Además del C y N (y O y H del H2O), las células necesitan otros macronutrientes, pero
generalmente en cantidades más pequeñas (Figura 4.1c). El fósforo es necesario para los
ácidos nucleicos y los fosfolípidos y generalmente se asimila en forma de fosfato
inorgánico (PO4^3-). El azufre está presente en los aminoácidos cisteína y metionina y
también en varias vitaminas, como la tiamina, la biotina y el ácido lipoico. La mayoría
de los microbios pueden asimilar formas inorgánicas de azufre, como sulfato (SO4^2-)
o sulfuro (H2S), mientras que otros asimilan el azufre a partir de compuestos de azufre
orgánico. El potasio (K) es necesario para la actividad de varias enzimas, mientras que
el magnesio (Mg) estabiliza los ribosomas, las membranas y los ácidos nucleicos y
también es necesario para la actividad de muchas enzimas. El calcio (Ca) y el sodio
(Na) son nutrientes esenciales para solo unos pocos organismos. Por ejemplo, la
mayoría de los organismos marinos tienen un estricto requisito de NaCl.

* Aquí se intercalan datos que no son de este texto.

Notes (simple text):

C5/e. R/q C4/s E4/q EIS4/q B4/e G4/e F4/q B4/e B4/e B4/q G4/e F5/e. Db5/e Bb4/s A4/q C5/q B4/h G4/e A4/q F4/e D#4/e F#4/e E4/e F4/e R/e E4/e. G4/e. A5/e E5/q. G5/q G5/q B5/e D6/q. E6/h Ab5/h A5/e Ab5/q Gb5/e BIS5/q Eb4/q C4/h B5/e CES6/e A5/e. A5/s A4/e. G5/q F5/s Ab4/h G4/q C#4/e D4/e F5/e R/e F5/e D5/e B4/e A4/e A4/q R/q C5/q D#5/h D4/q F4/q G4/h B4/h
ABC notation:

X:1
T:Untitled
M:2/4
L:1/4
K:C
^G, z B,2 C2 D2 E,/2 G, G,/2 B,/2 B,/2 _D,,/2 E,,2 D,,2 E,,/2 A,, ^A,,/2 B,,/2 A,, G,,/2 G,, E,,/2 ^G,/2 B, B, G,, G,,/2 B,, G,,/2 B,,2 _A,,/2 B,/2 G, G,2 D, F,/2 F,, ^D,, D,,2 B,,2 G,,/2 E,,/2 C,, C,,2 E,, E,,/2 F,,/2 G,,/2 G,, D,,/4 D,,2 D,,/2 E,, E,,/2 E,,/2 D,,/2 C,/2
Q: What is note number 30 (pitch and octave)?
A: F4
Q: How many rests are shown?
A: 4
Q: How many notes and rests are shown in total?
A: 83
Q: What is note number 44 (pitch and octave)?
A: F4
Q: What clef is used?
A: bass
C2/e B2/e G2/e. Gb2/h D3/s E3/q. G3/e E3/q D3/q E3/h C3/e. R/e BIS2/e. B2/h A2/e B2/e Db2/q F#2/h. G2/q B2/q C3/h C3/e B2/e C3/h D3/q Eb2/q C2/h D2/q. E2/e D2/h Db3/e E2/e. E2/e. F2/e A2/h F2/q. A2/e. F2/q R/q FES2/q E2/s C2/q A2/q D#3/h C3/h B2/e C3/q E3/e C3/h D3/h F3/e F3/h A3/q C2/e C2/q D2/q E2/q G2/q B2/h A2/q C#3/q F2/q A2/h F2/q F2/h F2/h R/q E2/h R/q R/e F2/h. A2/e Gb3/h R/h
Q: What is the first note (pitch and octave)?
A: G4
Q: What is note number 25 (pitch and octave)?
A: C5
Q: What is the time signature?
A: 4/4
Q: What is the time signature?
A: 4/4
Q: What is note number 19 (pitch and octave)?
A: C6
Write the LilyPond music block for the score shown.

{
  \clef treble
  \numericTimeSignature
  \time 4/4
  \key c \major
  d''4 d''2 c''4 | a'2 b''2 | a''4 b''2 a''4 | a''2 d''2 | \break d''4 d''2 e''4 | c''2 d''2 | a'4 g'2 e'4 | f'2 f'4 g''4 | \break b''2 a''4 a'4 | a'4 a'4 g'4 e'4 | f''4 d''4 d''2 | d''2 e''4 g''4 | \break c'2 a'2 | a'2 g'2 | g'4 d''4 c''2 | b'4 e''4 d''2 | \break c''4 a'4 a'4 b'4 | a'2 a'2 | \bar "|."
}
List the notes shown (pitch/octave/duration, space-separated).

Micronutrientes: Metales Traza y Factores de Crecimiento
Muchas enzimas requieren un ion metálico o una pequeña molécula orgánica como
cofactor para catalizar su reacción específica (◀ Sección 3.5). Por esta razón, el
crecimiento de los microorganismos requiere varios metales, y uno de los más
importantes es el hierro (Fe). El hierro está presente en citocromos y varias otras
enzimas que desempeñan funciones importantes en la respiración celular o en
reacciones de oxidación-reducción relacionadas. Además del hierro, muchos otros
metales pueden ser necesarios o metabolizados de alguna otra manera por los
microorganismos (Figura 4.1a). Colectivamente, estos metales se llaman metales traza
porque se requieren en cantidades tan pequeñas. La Tabla 4.1 enumera los principales
metales traza y otros elementos traza de la vida, así como ejemplos de enzimas u otras
moléculas en las que se encuentran. Las enzimas con requisitos de metales traza pueden
ser sintetizadas por la célula, pero no funcionarán correctamente si la célula carece de
estos metales.
Los factores de crecimiento difieren de los metales traza en que son micronutrientes
orgánicos en lugar de metales (Tabla 4.1). Las vitaminas, que suelen funcionar como
coenzimas (◀ Sección 3.5), son los factores de crecimiento más comúnmente
requeridos, y se muestran algunos ejemplos comunes en la Tabla 4.1. Mientras que
algunos microbios pueden biosintetizar todos sus propios factores de crecimiento,
muchos organismos (incluyendo a los animales) necesitan asimilar diversos factores de
crecimiento de su entorno (o de su dieta). Además de las vitaminas, otros factores de
crecimiento comunes pueden incluir aminoácidos, purinas, pirimidinas y varias otras
moléculas orgánicas.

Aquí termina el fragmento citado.